En France, l’UMP obtient finalement 27,8 % des suffrages, loin devant le PS (16,4 %) qui fait égalité avec Europe écologie (16,2 %)qui aura été le grand gagnant de ce scrutin et le seul parti à avoir vraiment parlé de l’Europe et présenté un programme en ce sens, sans considération de politique intérieure. C’est là l’inverse de ce qu’a pu faire le Modem où personnalisation du scrutin par François Bayrou et nationalisation des enjeux avec l’antisarkorsysme comme ligne idéologique ont conduit à une débâcle avec 8.4% seulement des votes. Le parti socialiste paie tout autant ses divisions, un manque de leadership interne qui est étendu de toute façon à l’ensemble de la gauche et une division de l’opposition progressiste là où la droite a fait l’union depuis plusieurs années avec une personnalisation autour de Nicolas Sarkozy incontestée.
Au final, peu de chose à attendre par les LGBT du nouveau Parlement européen avec une majorité confortée de la droite et des compétences et pouvoirs in fine limités sur les sujets qui nous intéressent. L’UMP en campagne affichait sa volonté de «lutter contre toutes les formes de discrimination» sans autres précisions, l’Europe en ce sens étant perçue comme à même de garantir un minimum de libertés publiques pour les LGBT européens et ne s’étendra pas sur les questions clés de reconnaissance des unions et de l’homoparentalité.

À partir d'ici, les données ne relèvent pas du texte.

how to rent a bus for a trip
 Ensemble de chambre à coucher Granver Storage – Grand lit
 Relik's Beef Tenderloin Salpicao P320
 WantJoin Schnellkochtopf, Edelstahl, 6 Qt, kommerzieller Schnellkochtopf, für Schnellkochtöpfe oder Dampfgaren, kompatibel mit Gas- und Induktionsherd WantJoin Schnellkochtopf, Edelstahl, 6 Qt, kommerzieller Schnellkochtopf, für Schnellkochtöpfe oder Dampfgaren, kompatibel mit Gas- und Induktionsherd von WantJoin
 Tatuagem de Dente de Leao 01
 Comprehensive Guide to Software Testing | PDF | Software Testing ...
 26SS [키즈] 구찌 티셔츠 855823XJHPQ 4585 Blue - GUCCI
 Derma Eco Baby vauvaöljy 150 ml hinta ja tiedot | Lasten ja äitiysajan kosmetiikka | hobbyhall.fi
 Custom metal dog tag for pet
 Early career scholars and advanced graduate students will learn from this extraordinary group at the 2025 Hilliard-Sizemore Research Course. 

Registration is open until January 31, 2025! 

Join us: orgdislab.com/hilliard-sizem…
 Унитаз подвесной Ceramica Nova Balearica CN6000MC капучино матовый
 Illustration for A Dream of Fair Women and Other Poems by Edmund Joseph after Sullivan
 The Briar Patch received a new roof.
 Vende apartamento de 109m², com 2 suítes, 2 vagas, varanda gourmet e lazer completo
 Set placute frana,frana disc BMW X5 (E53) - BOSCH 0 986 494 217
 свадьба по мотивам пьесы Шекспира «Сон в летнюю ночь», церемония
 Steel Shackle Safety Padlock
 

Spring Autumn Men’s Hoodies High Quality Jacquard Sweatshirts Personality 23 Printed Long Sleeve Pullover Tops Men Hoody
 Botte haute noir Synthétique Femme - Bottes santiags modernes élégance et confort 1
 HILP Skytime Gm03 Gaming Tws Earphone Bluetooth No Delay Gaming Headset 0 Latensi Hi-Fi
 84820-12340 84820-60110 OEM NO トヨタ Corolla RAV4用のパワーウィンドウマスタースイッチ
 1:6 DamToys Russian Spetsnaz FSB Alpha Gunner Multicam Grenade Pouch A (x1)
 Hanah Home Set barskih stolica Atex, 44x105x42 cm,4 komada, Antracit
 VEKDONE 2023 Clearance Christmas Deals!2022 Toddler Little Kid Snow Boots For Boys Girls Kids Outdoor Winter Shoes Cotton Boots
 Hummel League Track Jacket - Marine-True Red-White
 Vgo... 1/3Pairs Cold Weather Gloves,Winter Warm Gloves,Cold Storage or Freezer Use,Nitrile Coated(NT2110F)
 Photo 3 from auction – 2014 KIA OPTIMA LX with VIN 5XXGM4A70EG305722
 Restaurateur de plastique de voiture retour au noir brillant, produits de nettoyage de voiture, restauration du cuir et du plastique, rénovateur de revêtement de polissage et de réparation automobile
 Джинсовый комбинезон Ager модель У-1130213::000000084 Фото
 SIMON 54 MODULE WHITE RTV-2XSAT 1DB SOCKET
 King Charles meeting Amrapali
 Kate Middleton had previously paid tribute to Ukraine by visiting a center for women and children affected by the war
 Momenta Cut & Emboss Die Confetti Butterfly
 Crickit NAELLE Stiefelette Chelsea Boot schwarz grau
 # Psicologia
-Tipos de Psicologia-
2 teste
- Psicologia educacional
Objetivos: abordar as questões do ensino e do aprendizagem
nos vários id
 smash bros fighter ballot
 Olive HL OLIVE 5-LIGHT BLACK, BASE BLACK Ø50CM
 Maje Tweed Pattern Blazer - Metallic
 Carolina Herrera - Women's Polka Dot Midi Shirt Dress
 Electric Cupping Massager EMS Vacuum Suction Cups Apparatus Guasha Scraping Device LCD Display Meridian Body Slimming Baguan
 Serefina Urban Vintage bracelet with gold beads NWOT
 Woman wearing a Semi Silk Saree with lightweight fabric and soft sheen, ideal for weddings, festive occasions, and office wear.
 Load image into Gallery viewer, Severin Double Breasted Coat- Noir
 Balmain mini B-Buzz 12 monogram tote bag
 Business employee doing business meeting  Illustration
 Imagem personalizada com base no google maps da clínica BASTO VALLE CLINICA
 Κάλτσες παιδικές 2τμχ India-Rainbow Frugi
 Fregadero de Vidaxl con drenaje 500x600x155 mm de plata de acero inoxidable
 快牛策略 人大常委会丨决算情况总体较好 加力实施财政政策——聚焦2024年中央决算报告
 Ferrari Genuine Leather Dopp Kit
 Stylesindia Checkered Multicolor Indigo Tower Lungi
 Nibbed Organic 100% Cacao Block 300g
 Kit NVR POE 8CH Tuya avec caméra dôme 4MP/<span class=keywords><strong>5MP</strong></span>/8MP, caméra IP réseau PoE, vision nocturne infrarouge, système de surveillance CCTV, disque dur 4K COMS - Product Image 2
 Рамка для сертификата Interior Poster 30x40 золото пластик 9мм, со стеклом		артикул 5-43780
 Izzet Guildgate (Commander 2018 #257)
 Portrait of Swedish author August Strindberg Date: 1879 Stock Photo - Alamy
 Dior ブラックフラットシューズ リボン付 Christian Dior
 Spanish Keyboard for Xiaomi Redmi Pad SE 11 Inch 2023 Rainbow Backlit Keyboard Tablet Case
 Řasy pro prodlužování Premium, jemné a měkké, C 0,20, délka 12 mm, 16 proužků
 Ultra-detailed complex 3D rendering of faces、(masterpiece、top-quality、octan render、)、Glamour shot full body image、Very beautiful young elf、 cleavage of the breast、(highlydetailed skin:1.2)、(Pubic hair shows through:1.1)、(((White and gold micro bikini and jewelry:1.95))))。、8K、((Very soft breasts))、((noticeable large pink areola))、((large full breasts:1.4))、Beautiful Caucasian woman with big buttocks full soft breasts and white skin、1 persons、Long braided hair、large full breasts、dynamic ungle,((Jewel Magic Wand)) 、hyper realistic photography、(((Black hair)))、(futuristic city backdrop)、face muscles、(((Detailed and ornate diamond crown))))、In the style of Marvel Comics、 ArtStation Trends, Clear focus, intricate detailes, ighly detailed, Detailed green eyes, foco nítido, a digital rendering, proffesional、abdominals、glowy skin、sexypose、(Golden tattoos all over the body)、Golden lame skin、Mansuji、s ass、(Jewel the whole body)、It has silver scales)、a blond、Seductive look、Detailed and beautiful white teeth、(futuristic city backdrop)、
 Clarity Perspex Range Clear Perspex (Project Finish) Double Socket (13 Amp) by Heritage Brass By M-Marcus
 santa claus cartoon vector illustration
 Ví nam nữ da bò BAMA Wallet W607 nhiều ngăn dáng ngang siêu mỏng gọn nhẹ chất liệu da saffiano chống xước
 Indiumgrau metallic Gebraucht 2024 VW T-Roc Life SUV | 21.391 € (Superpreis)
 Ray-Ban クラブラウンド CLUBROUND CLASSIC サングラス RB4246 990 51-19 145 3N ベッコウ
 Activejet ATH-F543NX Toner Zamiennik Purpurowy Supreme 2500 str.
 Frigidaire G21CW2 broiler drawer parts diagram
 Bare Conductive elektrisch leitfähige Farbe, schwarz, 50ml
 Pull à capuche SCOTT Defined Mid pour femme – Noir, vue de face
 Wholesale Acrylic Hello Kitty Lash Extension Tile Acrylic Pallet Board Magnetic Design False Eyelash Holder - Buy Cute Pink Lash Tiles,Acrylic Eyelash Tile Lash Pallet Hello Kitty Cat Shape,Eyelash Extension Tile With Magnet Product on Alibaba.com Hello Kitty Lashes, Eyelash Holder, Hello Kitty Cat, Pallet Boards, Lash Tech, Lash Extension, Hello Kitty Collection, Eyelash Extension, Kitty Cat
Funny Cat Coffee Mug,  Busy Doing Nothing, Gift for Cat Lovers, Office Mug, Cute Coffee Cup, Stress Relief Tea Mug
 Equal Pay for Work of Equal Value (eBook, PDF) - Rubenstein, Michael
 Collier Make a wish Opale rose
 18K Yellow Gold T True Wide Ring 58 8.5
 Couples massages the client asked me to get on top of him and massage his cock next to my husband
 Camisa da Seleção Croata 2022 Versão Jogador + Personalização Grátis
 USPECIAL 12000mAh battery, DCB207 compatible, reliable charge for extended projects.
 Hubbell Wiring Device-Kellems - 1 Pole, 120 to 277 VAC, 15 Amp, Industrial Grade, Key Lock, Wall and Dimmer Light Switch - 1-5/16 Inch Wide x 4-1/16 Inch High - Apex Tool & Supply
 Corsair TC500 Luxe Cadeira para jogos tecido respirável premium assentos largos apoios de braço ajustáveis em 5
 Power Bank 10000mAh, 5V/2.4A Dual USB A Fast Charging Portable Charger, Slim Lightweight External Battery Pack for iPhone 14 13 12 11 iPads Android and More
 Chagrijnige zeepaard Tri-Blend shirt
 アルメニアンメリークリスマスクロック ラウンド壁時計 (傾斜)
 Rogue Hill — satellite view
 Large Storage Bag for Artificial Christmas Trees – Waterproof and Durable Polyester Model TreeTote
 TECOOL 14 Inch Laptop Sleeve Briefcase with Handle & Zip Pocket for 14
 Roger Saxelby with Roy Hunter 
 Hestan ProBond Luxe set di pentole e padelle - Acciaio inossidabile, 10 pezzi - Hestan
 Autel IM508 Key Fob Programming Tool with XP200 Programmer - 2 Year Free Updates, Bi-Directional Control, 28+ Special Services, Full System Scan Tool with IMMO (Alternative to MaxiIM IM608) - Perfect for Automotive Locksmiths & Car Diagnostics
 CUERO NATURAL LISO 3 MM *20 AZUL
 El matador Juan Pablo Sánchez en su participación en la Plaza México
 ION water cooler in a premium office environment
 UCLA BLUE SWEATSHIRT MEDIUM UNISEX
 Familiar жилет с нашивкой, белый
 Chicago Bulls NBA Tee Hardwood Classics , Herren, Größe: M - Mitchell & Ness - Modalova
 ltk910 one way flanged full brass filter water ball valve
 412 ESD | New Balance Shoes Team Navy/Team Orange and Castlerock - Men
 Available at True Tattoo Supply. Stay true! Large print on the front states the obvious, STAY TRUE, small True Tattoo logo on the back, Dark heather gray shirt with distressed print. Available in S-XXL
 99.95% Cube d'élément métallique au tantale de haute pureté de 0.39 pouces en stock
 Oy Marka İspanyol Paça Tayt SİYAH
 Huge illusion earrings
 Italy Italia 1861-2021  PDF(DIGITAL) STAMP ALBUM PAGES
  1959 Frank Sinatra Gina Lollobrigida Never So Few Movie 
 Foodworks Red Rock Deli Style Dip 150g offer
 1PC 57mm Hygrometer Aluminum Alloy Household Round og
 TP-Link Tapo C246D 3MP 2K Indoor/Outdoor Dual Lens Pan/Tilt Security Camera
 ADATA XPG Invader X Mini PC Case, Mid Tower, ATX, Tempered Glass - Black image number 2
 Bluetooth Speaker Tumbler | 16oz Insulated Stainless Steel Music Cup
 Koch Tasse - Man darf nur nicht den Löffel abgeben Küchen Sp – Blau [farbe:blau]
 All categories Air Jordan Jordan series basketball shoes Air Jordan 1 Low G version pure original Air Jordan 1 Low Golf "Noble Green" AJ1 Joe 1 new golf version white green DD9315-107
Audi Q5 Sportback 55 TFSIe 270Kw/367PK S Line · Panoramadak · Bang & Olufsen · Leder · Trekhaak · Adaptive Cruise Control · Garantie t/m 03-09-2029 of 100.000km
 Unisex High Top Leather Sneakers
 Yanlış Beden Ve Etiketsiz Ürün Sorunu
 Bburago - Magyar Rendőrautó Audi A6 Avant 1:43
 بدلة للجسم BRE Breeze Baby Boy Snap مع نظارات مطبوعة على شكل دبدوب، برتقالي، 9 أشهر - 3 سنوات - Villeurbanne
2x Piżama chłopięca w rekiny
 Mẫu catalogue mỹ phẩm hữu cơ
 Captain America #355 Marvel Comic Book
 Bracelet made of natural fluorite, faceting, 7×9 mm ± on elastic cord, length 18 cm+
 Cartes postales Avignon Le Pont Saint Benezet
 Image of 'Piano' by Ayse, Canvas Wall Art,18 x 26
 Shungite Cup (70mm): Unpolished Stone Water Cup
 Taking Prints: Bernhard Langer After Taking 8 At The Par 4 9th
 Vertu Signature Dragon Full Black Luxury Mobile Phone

En France, il faudra attendre les prochaines élections intermédiaires, régionales, sans enjeux réels pour les LGBT, pour voir une éventuelle recomposition du paysage politique, une rénovation de la gauche là où l’absence programmatique et idéologique est sanctionnée élections après élections, ou bien la confirmation d’une droite suffisamment unie pour constituer une majorité et une offre politique.
Enfin, alors que Nicolas Sarkozy a annoncé ce matin qu’il prendra «dans les jours qui viennent des initiatives ouvrant de nouveaux chantiers», il faudra analyser l’annonce prochaine du remaniement gouvernemental pour donner un sens à ce que sera la seconde partie de mandat du Président.
Réactions de GayLib : Dans un communiqué, le mouvement LGBT associé à l’UMP félicite les candidats de la majorité présidentielle et déclare qu’il leur apportera leur soutien. Gay Lib souhaite que «ce nouveau Parlement défende les libertés fondamentales de tous les citoyens européLib, y compris les LGBT» en donnant notamment «un caractère contraignant à la Charte des Droits Fondamentaux pour tous les Etats membres au travers de l’adoption du Traité de Lisbonne».